Category: India

Delhi: Getting Into Town From Majnu Katila

The Tibetan Colony
We are staying in Majnu Ka Tilla, a Tibetan enclave in the north of Delhi. One of the women in the hotel tells me that the Tibetans still only have refugee status despite having first come here in 1959 and that they hold a yellow book in lieu of a passport.

Majnu Katila is a lively place with a sprinkling of red-robed buddhist monks who walk through the streets with a solid self-possession that is quite noticeable.

In the evening at the restaurant in our hotel we ate with two women – both buddhist monks – and the conversation was lively and centered on buddhist philosophy and their belief in how things come to be. They talk about the conditions that bring things into being and the way that desire conditions us for suffering.

Update: Later in our trip we saw and spoke with buddhist monks in Darjeeling and Kuseong in West Bengal and found the same measured attitude to life that is very pleasant.

The hotel we are staying in is named Wongden House and it is run very efficiently and with great friendliness by a Tibetan family.

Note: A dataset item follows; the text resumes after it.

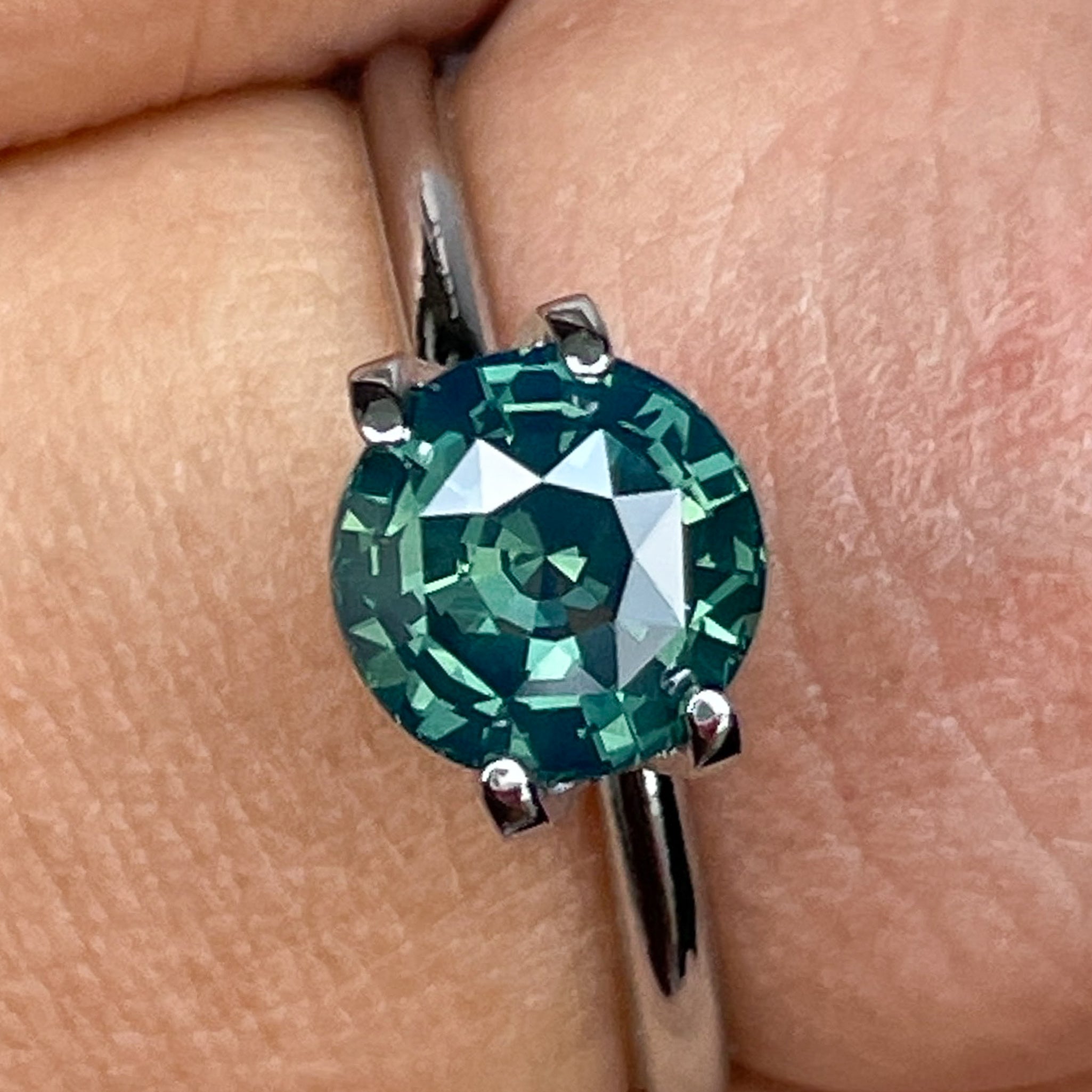 Natural forest green sapphire, 1.83 Ct round cut teal loose gemstone by NASHGEMS, ideal for engagement rings or custom jewelry.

From our room we can see the Yamuna river several hundred yards away. It is a lazy brown river, and through my binoculars I can see wading birds picking food out of the shallows.

There is a pontoon bridge across the river with a stream of cars and bicycles crossing both ways. On the near bank of the river there are reed houses. Outside one is a large metal bowl with metal pots in it. Washing is strung on a line outside another. They must be very poor people to be living like that. Tamara wonders how they manage in the winter.

When I look more closely I see there is a patchwork quilt of fields of vegetables and there is a man squatting down cutting some plants. Perhaps these are their working houses by the river. Perhaps they have homes elsewhere as well. Perhaps.

Into Town
We had our first experience of Delhi traffic when we arrived at Majnu Katila from the airport. Now that we are settled in our room, we want to go into Delhi.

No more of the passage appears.